The media tends to over-hype news. Things are presented as better than they really are in good times and worse than reality in bad times. Recent worries about money market funds that have invested in subprime mortgage-backed securities are just one example. There has been speculation that small investors face the possibility of losing significant amounts of money in their money market investments, despite the appearance of such funds as being very low risk in nature.
Yesterday we learned that in fact Bank of America (BAC) was shutting down a $34 billion money market fund. The headlines were grim, but once one actually reads the facts of the situation, it is apparent that it is no big deal at all.
First of all, the fund in question is not a typical money market fund. It was an “enhanced” fund that knowingly took on more risk than the average money fund, hence the subprime exposure. As a result, only institutions were allowed to invest (since they understood the risks were greater) and the minimum investment was $25 million, so individual investors are not exposed.

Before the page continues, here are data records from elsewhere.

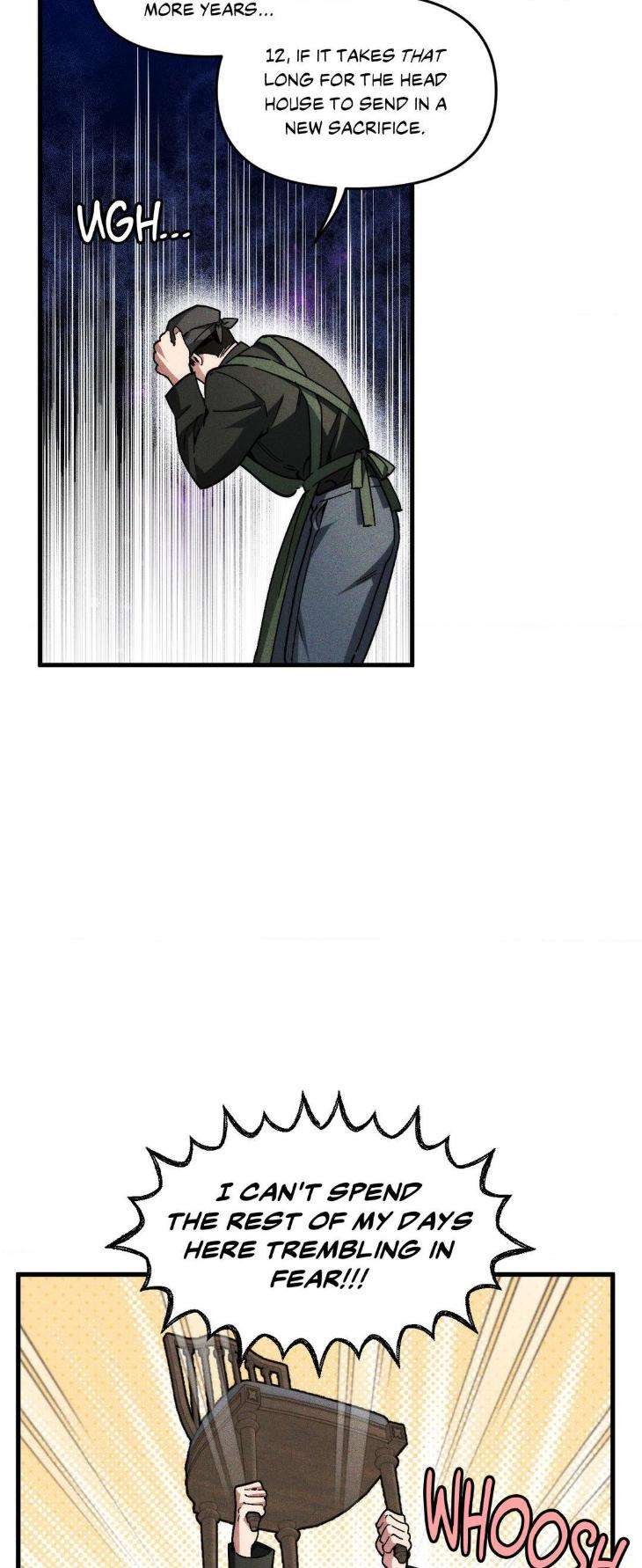 Swallow-You-Whole-By-Yang-Eun-Ji-Uncensored-Eng page 24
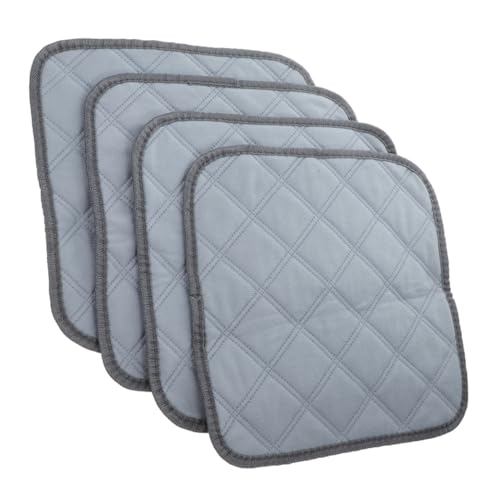 WOONEKY 4er-Pack Meerschweinchen-PIPI-Pads Waschbare Einlagen Für Den Käfig Wiederverwendbare Haustier-urin-Pads Saugfähiges Material Für Kleintiere WOONEKY 4er-Pack Meerschweinchen-PIPI-Pads Waschbare Einlagen Für Den Käfig Wiederverwendbare Haustier-urin-Pads Saugfähiges Material Für Kleintiere von WOONEKY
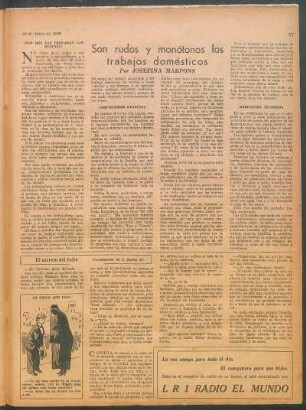 ¿Por qué los prefieren las mujeres?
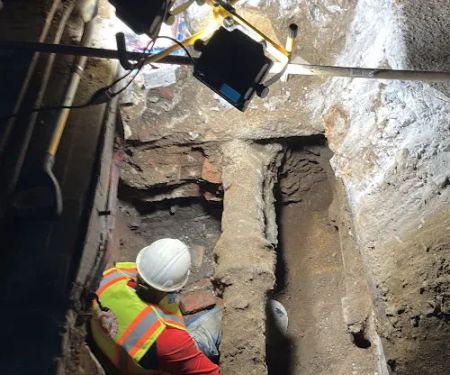Balkan Sewer & Water Main Service - Joseph L. Balkan Inc.
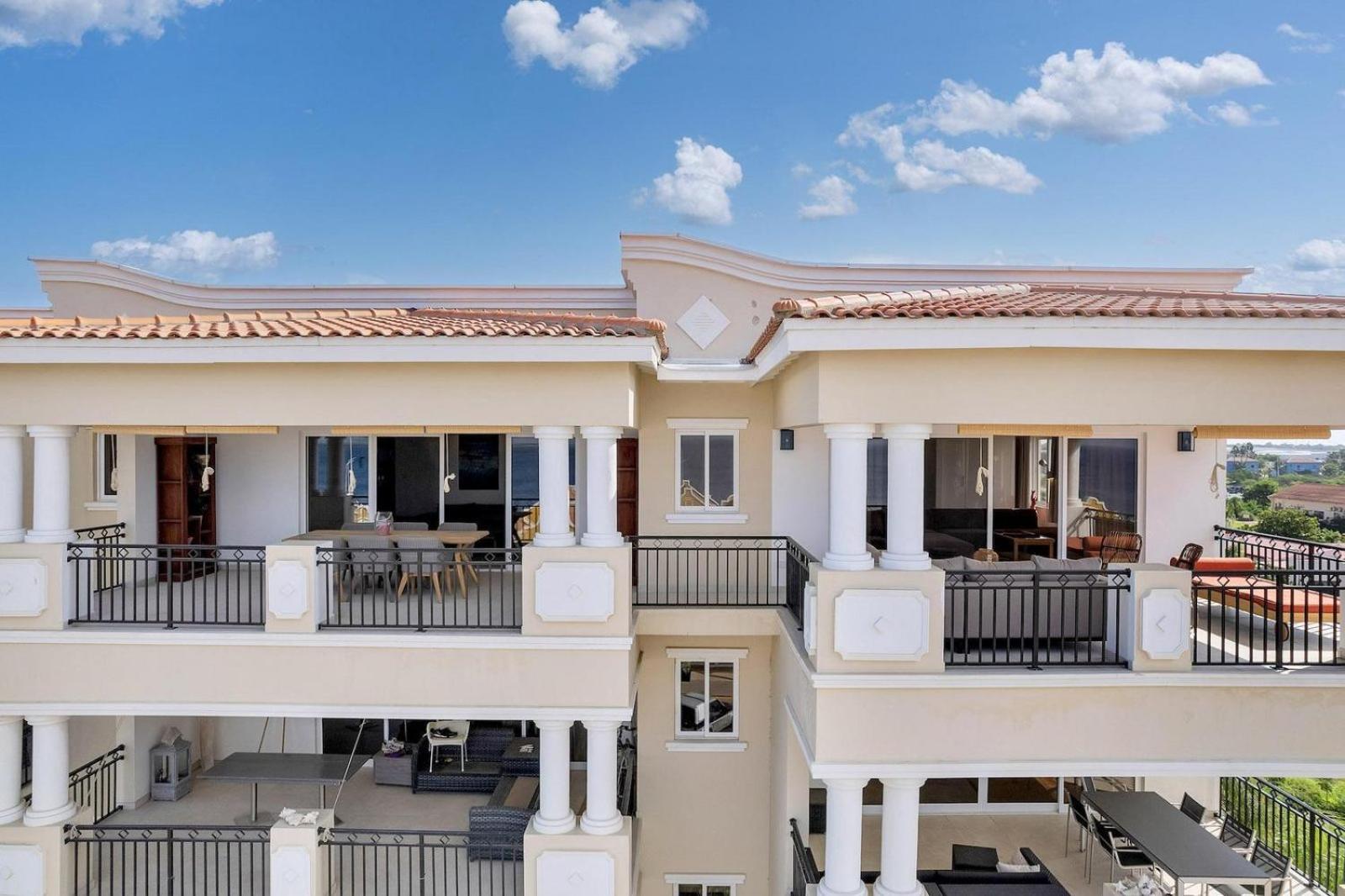 Apartment Penthouse Playa
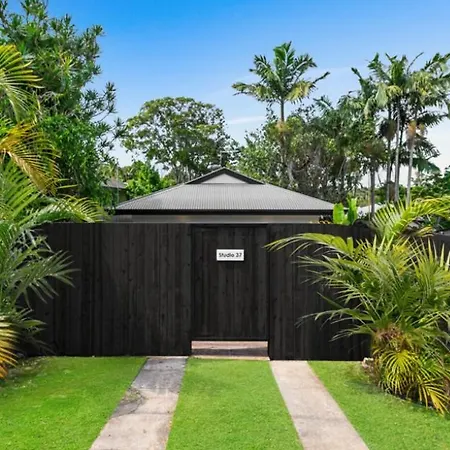 Studio 37 Byron Bay Exterior photo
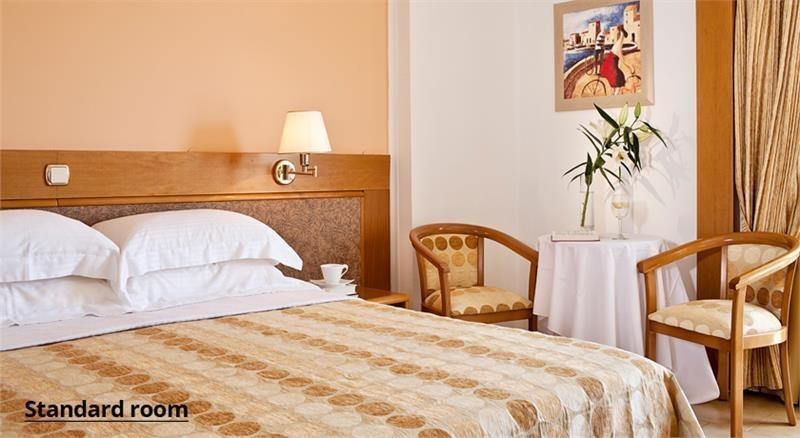 Hotel Argile Resort & Spa ( ex.Cephalonia Palace)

Secondly, and more importantly, the losses the fund sustained before being shut down by BofA were barely noticeable. Investors in the fund were able to redeem their shares at a rate of 99.4 cents on the dollar. That’s right, despite the gloomy headlines in the media, investors in this risky fund lost less than 1 percent of their original investment. And this fund was risky!
So for all of you out there who are spooked about money market funds, perhaps this data point can ease your concerns.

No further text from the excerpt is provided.